As part of a dam upgrade project, a 1400LF, 36″ inner diameter LLO pipe needed to be grouted to place it out of service.
The pipe had been previously blind flanged, 180′ below the lake surface. There was a single, 12″ riser pedestal. There were numerous significant challenges to face, including:
- 2GPM residual leak from the blind flange buried in 15′ of lake floor debris
- inability to push sacrificial pipes more than 500′ up the pipe
- remote site with limited ready mix service
CJGeo worked with the general contractor, diving subcontractor, sacrificial grout pipe installation subcontractor, geotechnical and civil EORs, and the owner, to develop a single stage grouting plan to place approximately 350CY of 68lb/cuft cellular grout from the downstream end.
Venting was achieved by installing a 4″ removable vent pipe from the pedestal riser, 180VF to the lake surface, terminating on a barge. Since there was only one opportunity to do the job correctly, CJGeo had two fully staffed grout plants onsite, and had all cement and mix water staged in onsite storage prior to the start of grouting to avoid any material logistics disruptions affecting the work.
CJGeo placed the 68lb/cuft grout over a period of a few hours, leaving an intentional air pocket at the high end to capture infiltrating lake water long enough for the grout to set prior to seeing lake head.
DeRuyter Reservoir Outfall Abandonment
The DeRuyter Reservoir, in DeRuyter, New York, is a 557 reservoir originally developed as part of the Erie Canal system.
As part of a dam upgrade project, the three parallel 22″ diameter, 300LF outfall pipes needed to be abandoned, along with a stone box culvert downstream of the valve chamber the pipes terminated into.
Each of the three pipes had been previously blindly flanged by divers. Therefore, the only access was from the downstream end within the valve chamber. In order to vent the air displaced by the abandonment grout, vent or placement points needed to be installed just behind the upstream blind flanges, which were approximately 40′ below the water surface.
CJGeo worked with the general contractor to design an internal venting system utilizing sacrificial placement pipes installed from the valve chamber. After each of the sacrificial grout pipes was installed, the downstream terminations were bulkheaded, with vent stubs.

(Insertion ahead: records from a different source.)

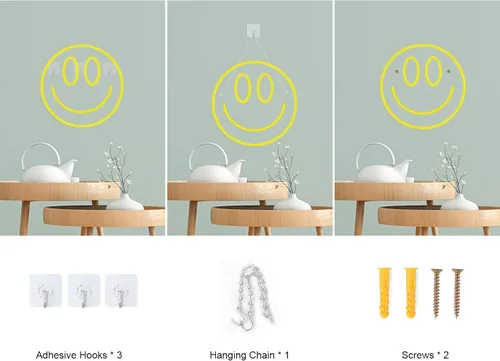 Miniatura 3 de Letreros de Neón Sonrisa Luz Nocturna Decorativa Brillante para Decoración de Pared Tamaño 16''x 7'' Luz LED Letrero de Neón Arte Luces Nocturnas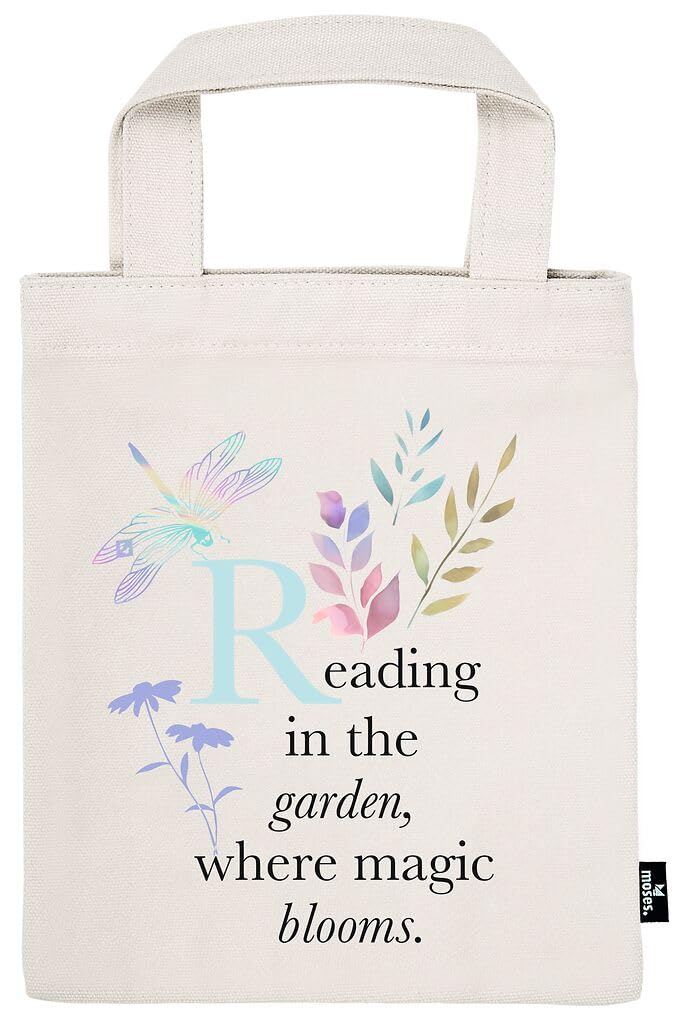 moses. Libri_x - Bolsa de tela para libros con diseño floral, 100% algodón, aprox. 20 x 24 cm, funda de libro para viajes, idea de regalo para lectores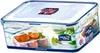 A clear plastic food storage container with a blue lid, filled with fruits and vegetables. Produktbild-Vorschau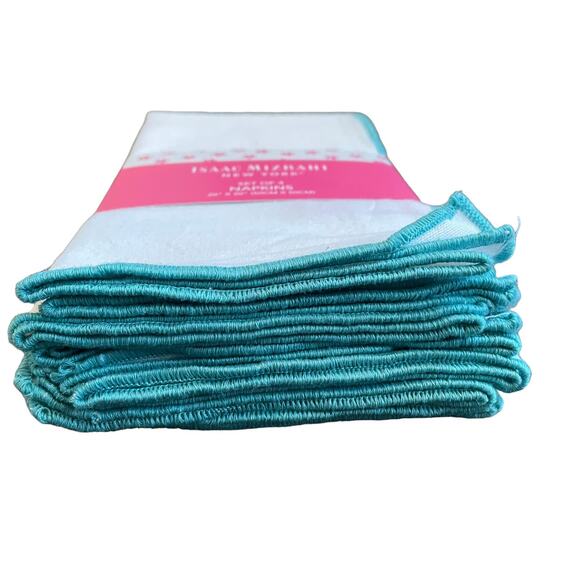 Isaac Mizrahi Spring Cotton Cloth Napkins 20x20 Embroidered Turquoise White NEW - Picture 3 of 8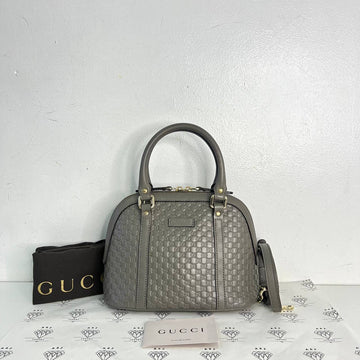 [PRE LOVED] Gucci Guccissima Dome Top Handle in Gray GHW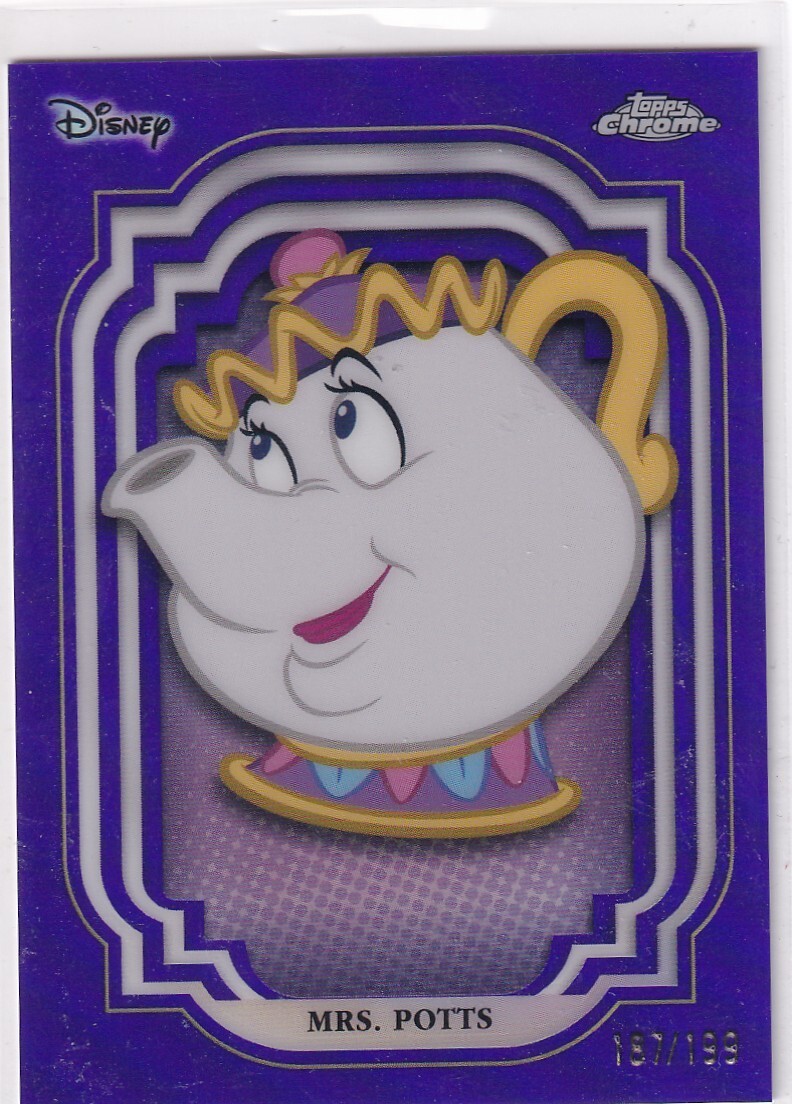 Topps Disney Chrome 2024 No. 51 Sra. Potts Debut Refractor Púrpura 187/199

CJGeo mobilized a cellular grouting crew, who placed 30lb/cuft cellular concrete through each of the sacrificial grout pipes, until grout returned to the bulkhead vents, confirming fill. The work was completed over two days an onsite-the first day for the abandonment pipes and first lift in the box culvert, and the second day for a top-off pour on the box culvert.
8″ Toe Drain Abandonment
Lake Whetstone is an approximately 30-acre manmade impoundment located in Montgomery Village, Maryland. It is utilized for stormwater runoff control, and also recreation, with an approximately 1000LF earthen dam.
As part of a retrofit program of the embankment, two 8″, perforated CMP toe drain pipes need to be grouted for a minimum of 100LF, underactive flow.
Each of the two, 100′ long pipes needed to be grouted full, but could only be accessed from the downstream end of the pipes. One pipe had nominal flow, and the second pipe had approximately 10GPM and discharged through an end wall structure at the stilling basin.
The project designer, Gannett Fleming, specified NSF Section 61 certified grout (potable water contact) for the abandonment grout. Due to the “one-shot” nature of the project, above-ground mockups, including sacrificial pipe installation, chemical grout cup testing, yield analysis, and visual inspection, were all required prior to the start of grouting.
CJGeo performed the onsite mockup testing and analysis, and then grouted the two pipes in place successfully over a period of two days onsite.